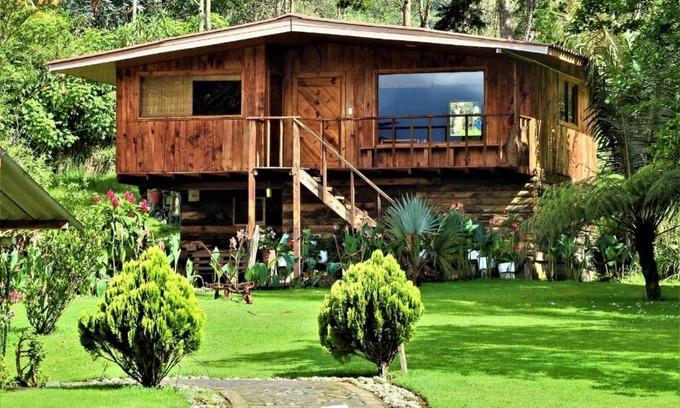 Purace Cama Y Desayuno | Leguaro refugio de colibríes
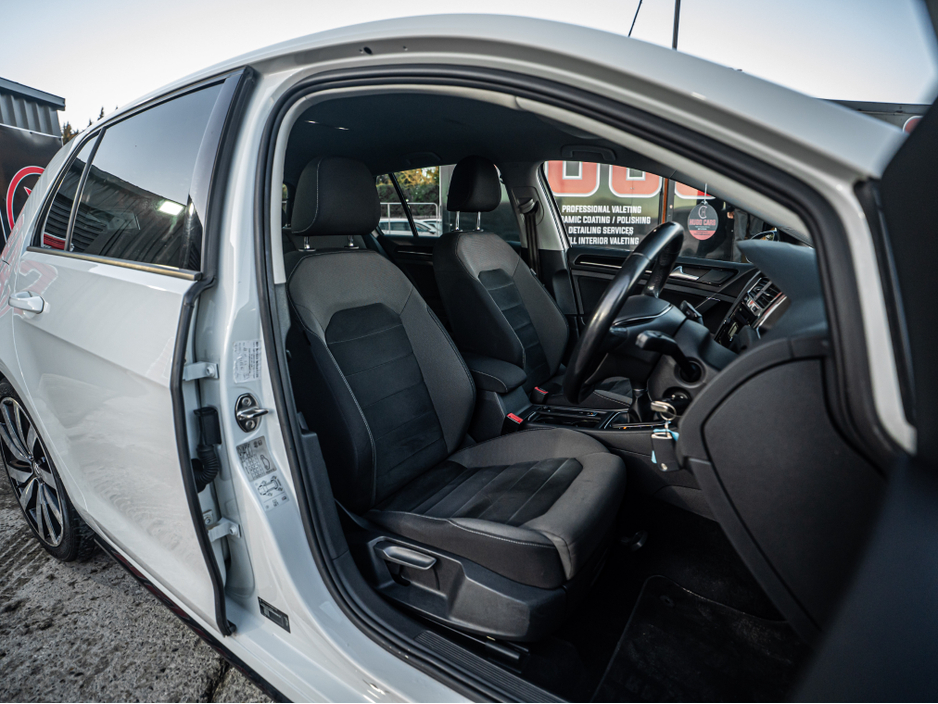 2017 Volkswagen Golf 172 Golf 1.0tsi HIGHLINE/FSH/High spec/1yr warrant €16,888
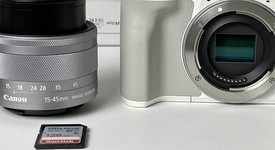 Mint
													Canon EOS M50, photo 1 of 12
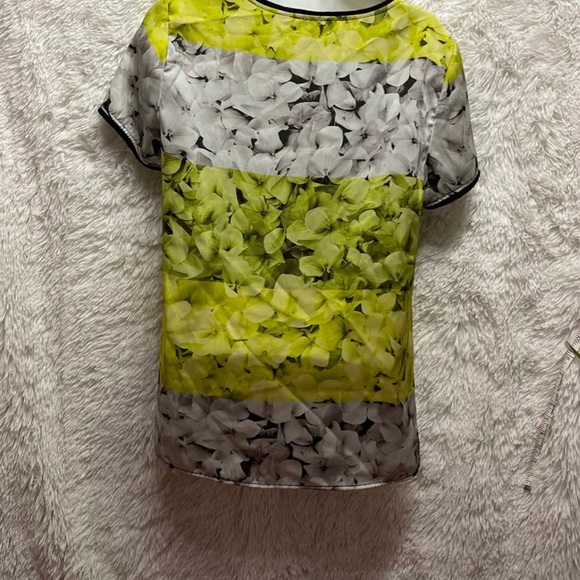 Michael Kors blouse small - Picture 2 of 3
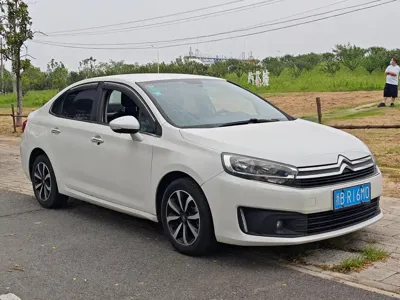 Citroen C4 2016, 93600 км, за 2913.42 USD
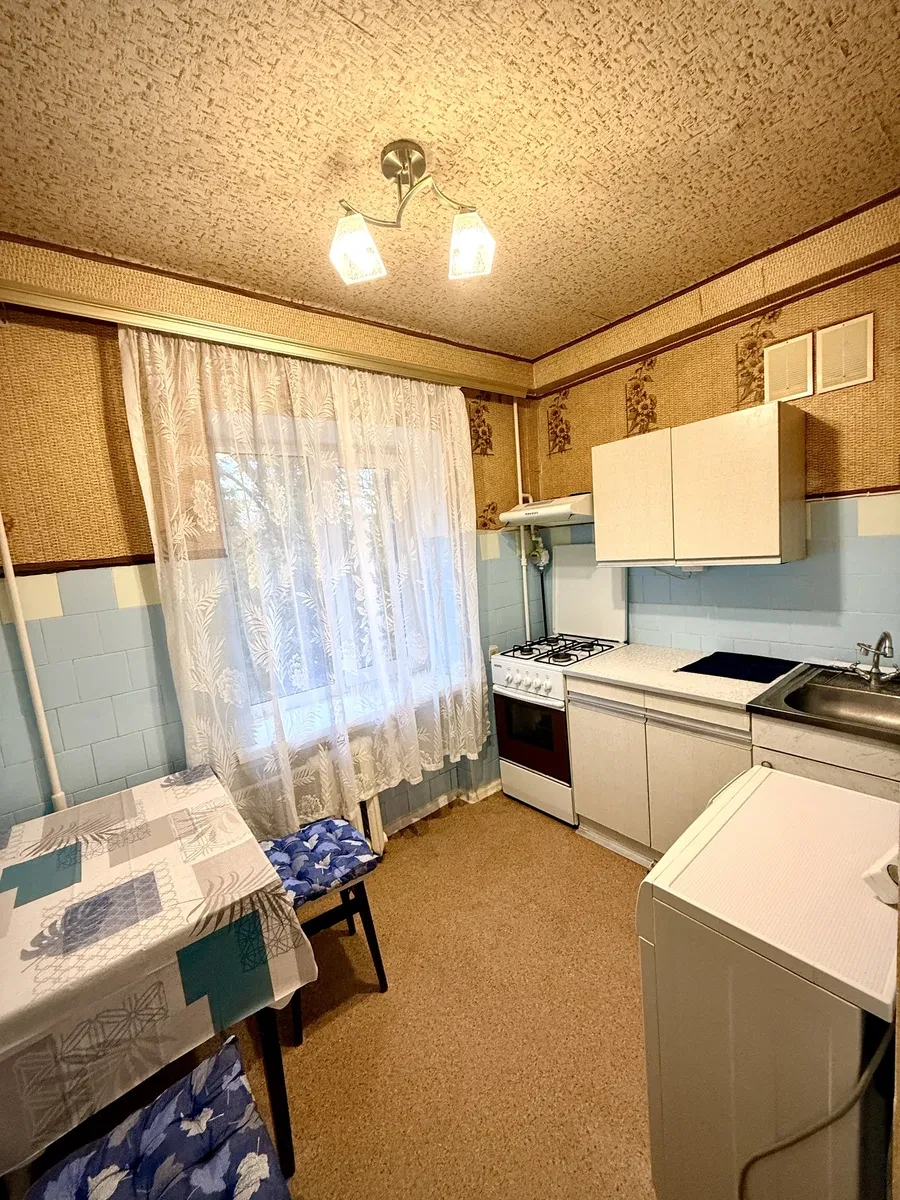 1-комнатная квартира, Днепровский: без животных, метро Черниговская рядом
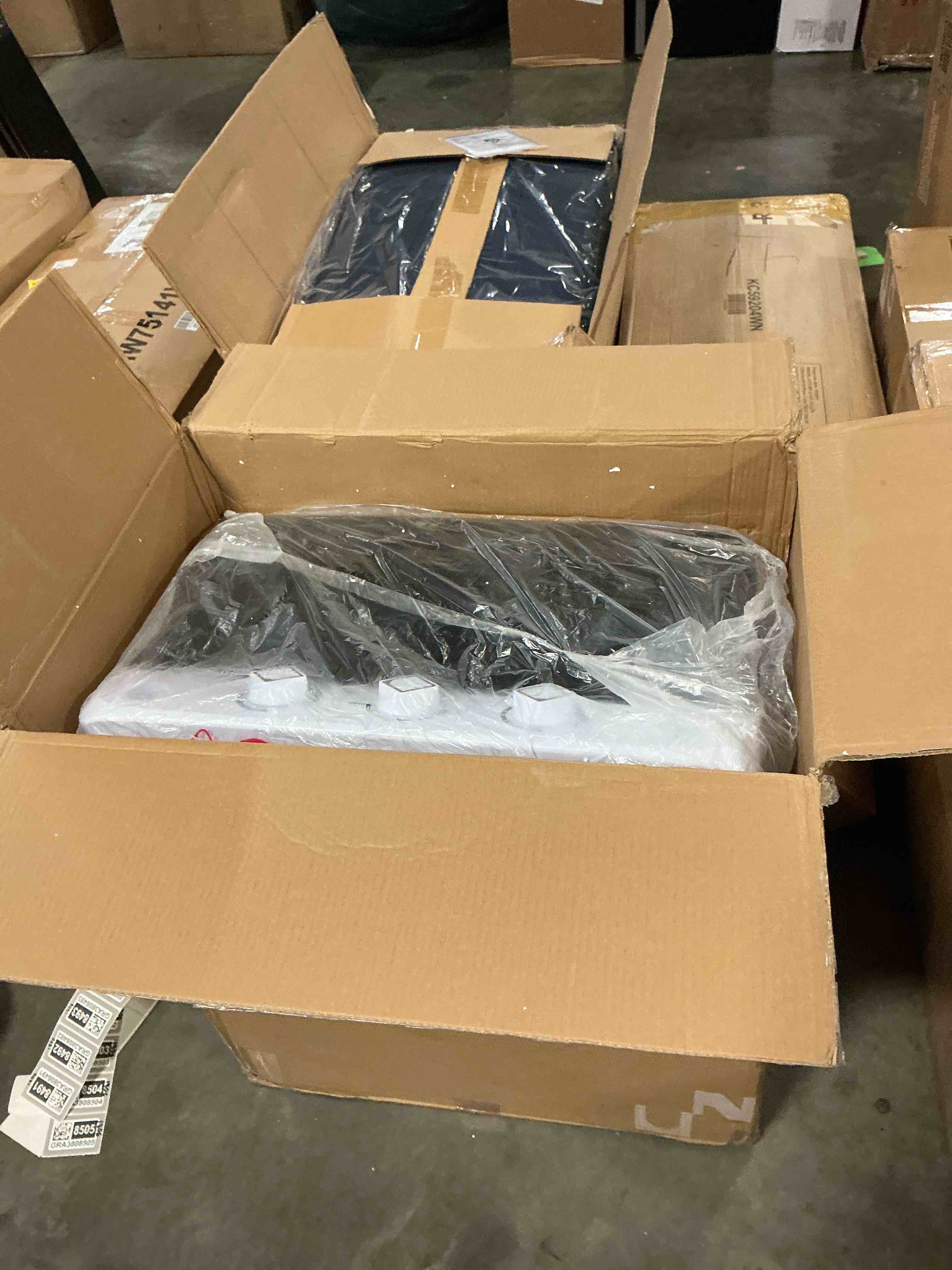 https://s3.amazonaws.com/lotting-images-prod/EmanualPiazza/GRA3808490_1777646385299.jpeg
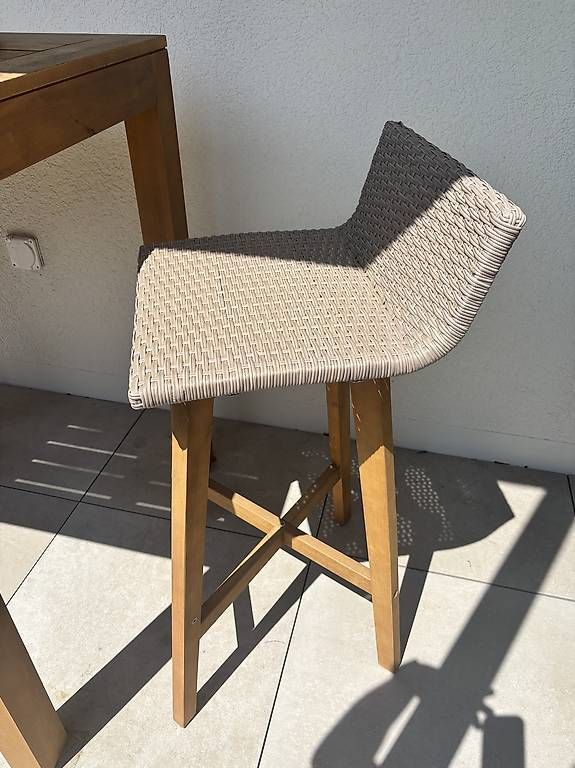 Tables: Garten-/Balkon Stehtisch mit 2x Hocker – D'occasion à Embrach par imperium.daje 2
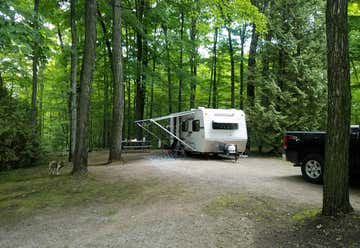 Photo of Hy-Land Court RV Park
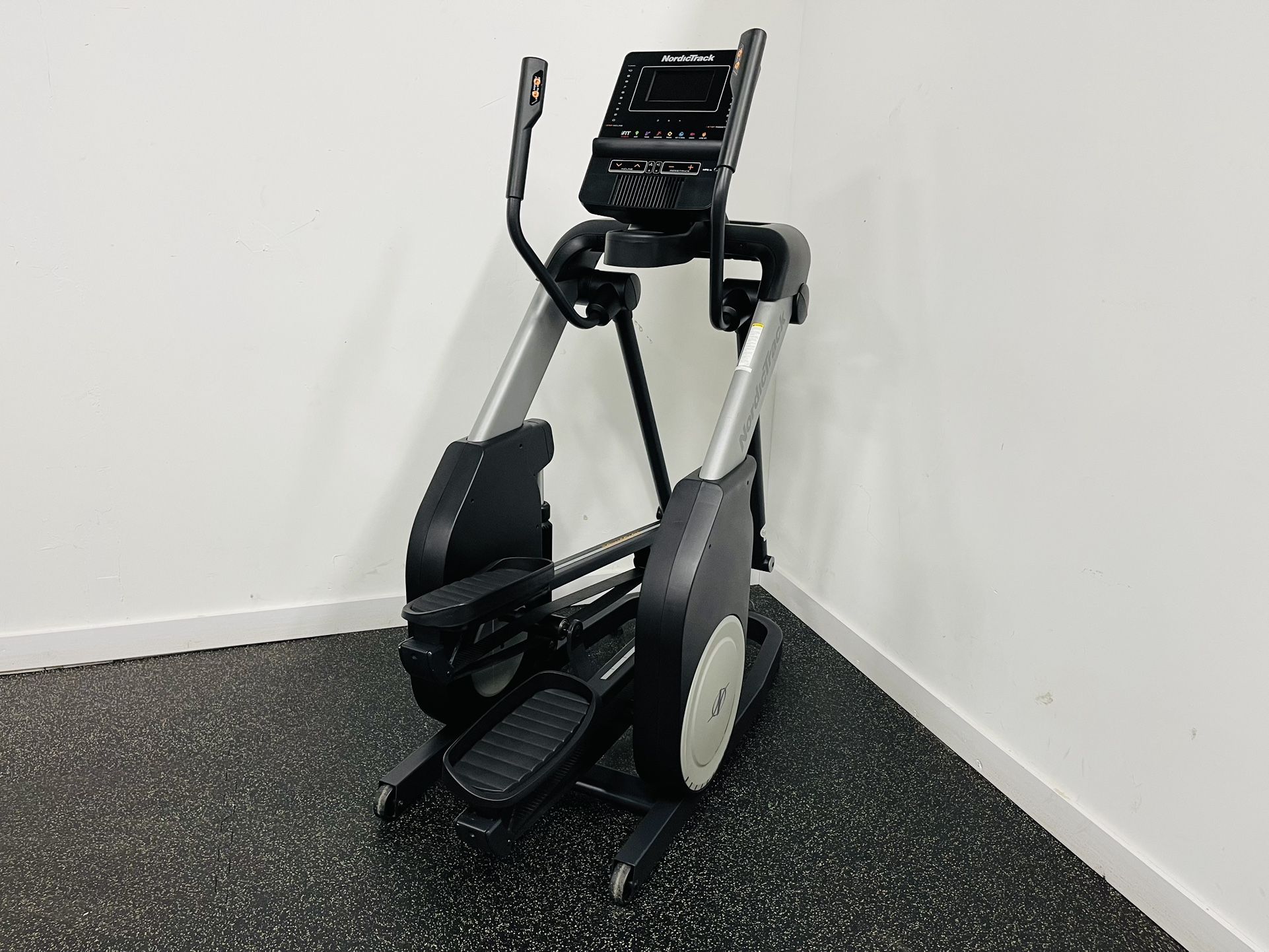 Nordictrack Strider - FS7i - Elliptical - Gym Equipment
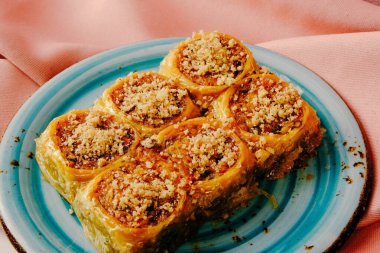 Geleneksel hindistancevizli tatlı baklavası. Ev yapımı fındıklı ve ballı baklava..
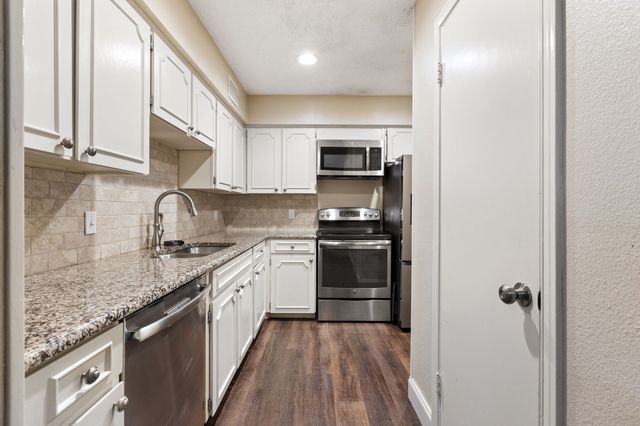 15912 Archwood Lane 1016, Dallas, TX 75248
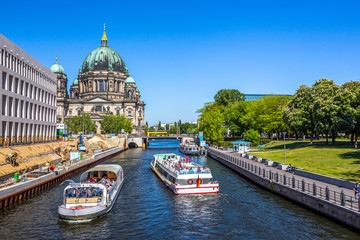 Dom und Spree, Berlin, Deutschland 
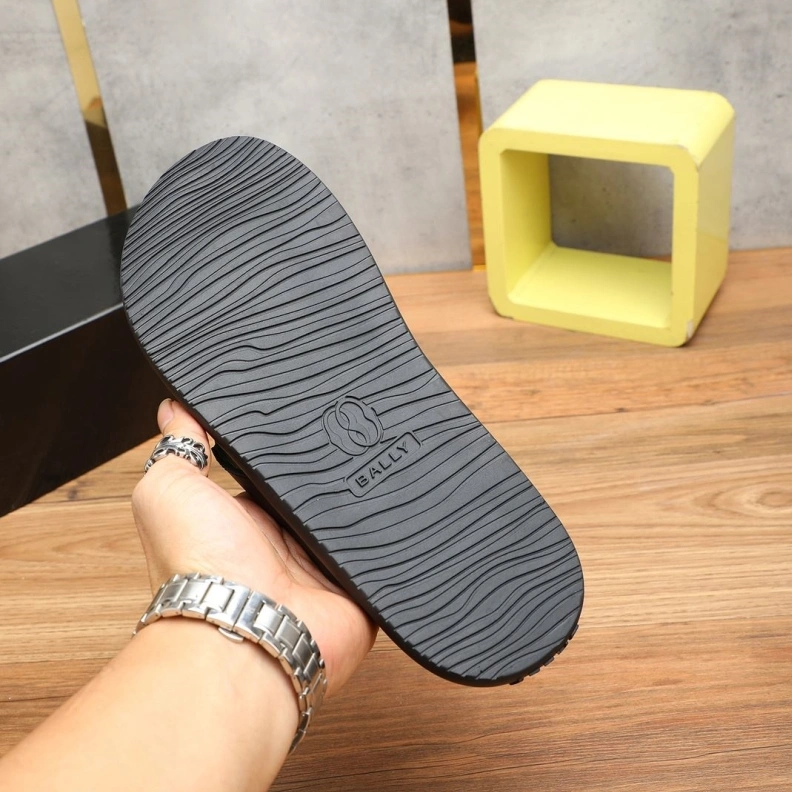 Sleek Othxr Slippers 211012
=====
The task: From the line containing "Nordictrack Strider - FS7i" down to the last line of the records above, repeat every line exactly and nothing else, dropping any pictures.

Worked solution:
 Nordictrack Strider - FS7i - Elliptical - Gym Equipment
 Geleneksel hindistancevizli tatlı baklavası. Ev yapımı fındıklı ve ballı baklava..
 15912 Archwood Lane 1016, Dallas, TX 75248
 Dom und Spree, Berlin, Deutschland 
 Sleek Othxr Slippers 211012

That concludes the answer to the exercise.